You Asked. How do you build difficulty in an NCAA routine? Will Carlotta Ferlito ever compete internationally again? How are Kara Eaker‘s ring leaps on beam credited? Was Vanessa Atler on our Olympic team in 2000?

Patreon. If you want to help support the work we do and get access to a weekly podcast for just $2 a month, please consider supporting us on Patreon!

Article by Lauren Hopkins

7 thoughts on “Around the Gymternet: Stop the count! Count the votes!

  1. This line! 🤣
    The “One Million Moms” group – which is really just like a hundred moms who should focus less on Twitter and more on actually parenting their children


    • The issue is that one of them got injured training a 1.5 years ago so they’ve all been terrified to land them. Nina has been training them for years but not onto the mat. That’s why their FTYs are so good – they’ve been working on the more difficult vaults but just not landing them, so they all have these huge blocks, get a ton of height and distance, and then only compete fulls. Upgrades have been a LONG time coming, but hopefully now they’re all feeling mentally good about them and aren’t as fearful. Nina has also had a lot of foot injuries that have prevented her from doing it sooner when she has felt good about going for it, and I think she and her coaches are just really conservative in general in terms of when they introduce upgrades, especially those with hard landings. Even on beam she keeps it pretty low-key, and it works – she’s never had an injury so bad that she’s had to skip a major competition. But at some point you have to take risks, too, and trust that your body can handle it.

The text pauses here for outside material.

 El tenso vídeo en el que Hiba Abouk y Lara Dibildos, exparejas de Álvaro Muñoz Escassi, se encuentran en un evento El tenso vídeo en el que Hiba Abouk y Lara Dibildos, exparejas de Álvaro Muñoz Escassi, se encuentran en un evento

      • Oop I didnt know the backstory with the injuries and all that. I hope they stay healthy cause they have been looking good these last couple of years! Health before medals.
        Thanks for your reply 🙂


        • Yeah, they are such a great team already, and the little bit extra on vault could make them even better, but I understand the fear! Especially when they don’t really have a lot of depth…at one point in 2018 they only had 6 active seniors which was just enough for the worlds team plus an alternate, so two injuries that year could have meant not qualifying a team to 2019 worlds. But a couple of months earlier, they qualified as the 3rd best team at Euros only 2 points behind Russia! I remember everyone got so mad because they opted to not do the team final at Euros, but they were really just there to go for the individual finals and didn’t want to risk doing an extra day of competition in the TF because that’s how afraid they were of getting injured. Now that they have a little more depth, I think they’ll be able to take more risks and not have to worry about one injury ruining the entire team’s prospects.


  2. I’m sorry to see that Axelle and Nina won’t (apparently?) be training together anymore as I know how close they are, but I hope Axelle’s new training situation works out for her!